David and Evan Salmon, aged 20 and 22, joined the Royal Field Artillery in August 2015.

Their regimental numbers were one digit apart, as were their new service numbers when they transferred to the 1st Battalion, the Royal Welsh Fusiliers.

Caught up in the heavy shelling that characterised in the Somme, David died ‘in the field’ on February 6, 1916. Evan died of his wounds the following date.

By the end of the month, two sets of letters had arrived at the family home, Lowlands, Crinow, informing the Salmon family that both brothers had died and had been buried.

The letters, together with those of condolence to the family and communication from the Salmon brothers themselves, were found in an old suitcase donated to the museum, which was discovered in the attic of a house near Narberth.

It is these letters, and others equally moving, that will form the highlight of Narberth Museum’s commemorations.

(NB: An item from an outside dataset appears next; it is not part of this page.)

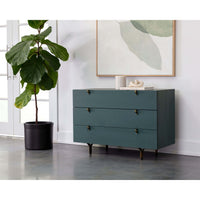 Celine Dresser, Teal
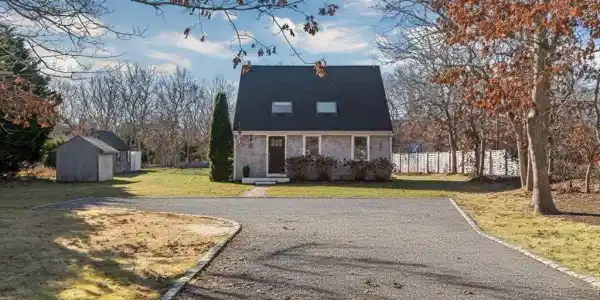 60 Saddle Club Rd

In partnership with Narberth Youth Theatre, a performance of the dramatised letters will be set alongside the renowned poet, Owen Sheers’ verse- drama, Pink Mist, which tells of the return from Afghanistan of three teenage soldiers.

“We wanted to make our interpretation of the First World War story relevant and immediate and we are delighted that Owen Sheers has allowed us to incorporate his work,”said Narberth Museum’s curator, Pauline Griffiths.

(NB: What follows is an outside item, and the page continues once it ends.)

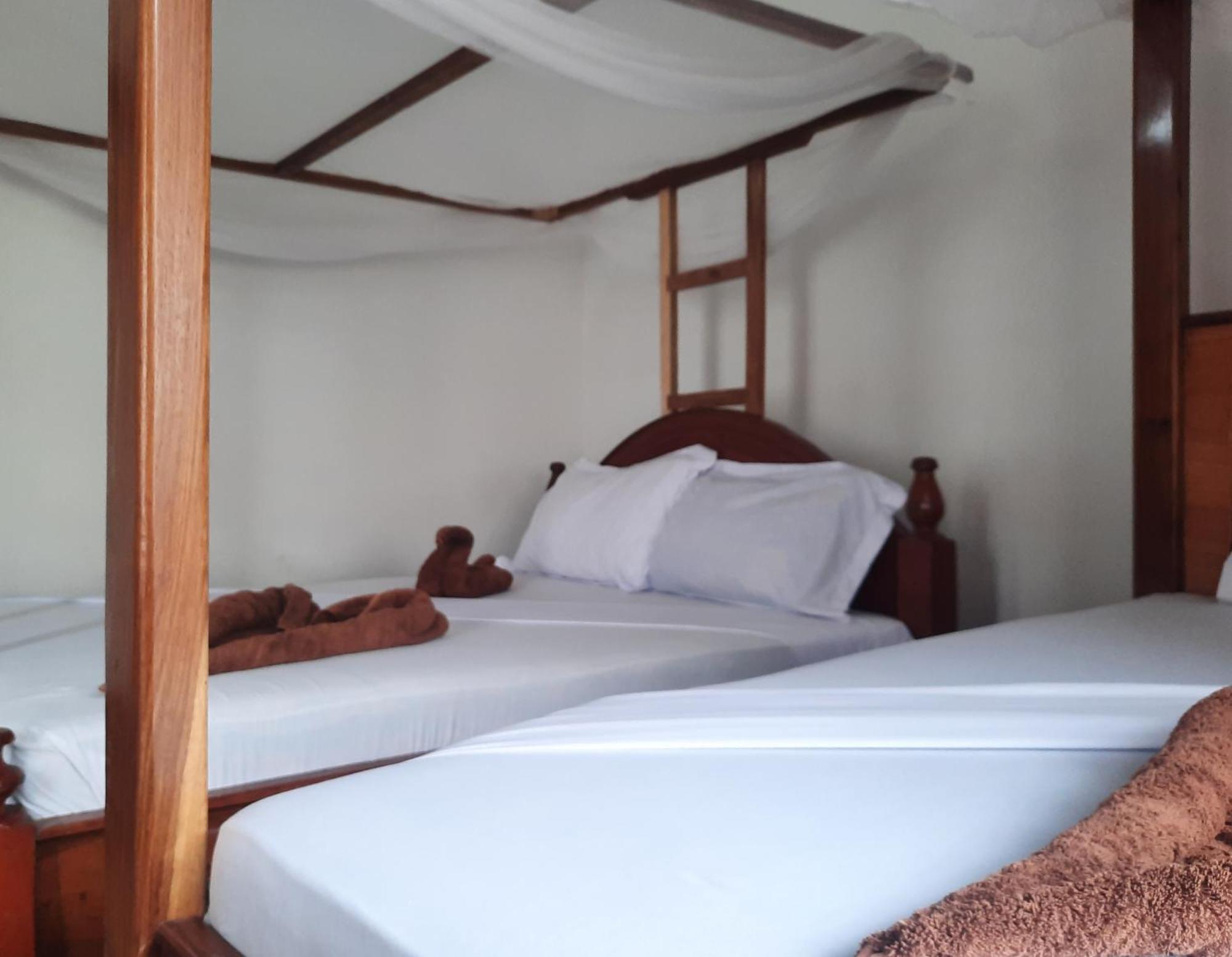 Bed and Breakfast Kajificheni House Нунгви Экстерьер фото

“His evocation of the conflict in Afghanistan has parallels with the experiences these young soldiers went through in France and only serves to underline the human cost of warfare, whenever and wherever it occurs.”

The dramatisation is part of the museum’s project Letters from the Front: Learning from the Past which has attracted a generous grant from the Heritage Lottery Fund.

This has enabled many of the objects, medals, photographs and documents at the museum can be displayed and interpreted so that visitors can learn more about this significant time in the town’s history.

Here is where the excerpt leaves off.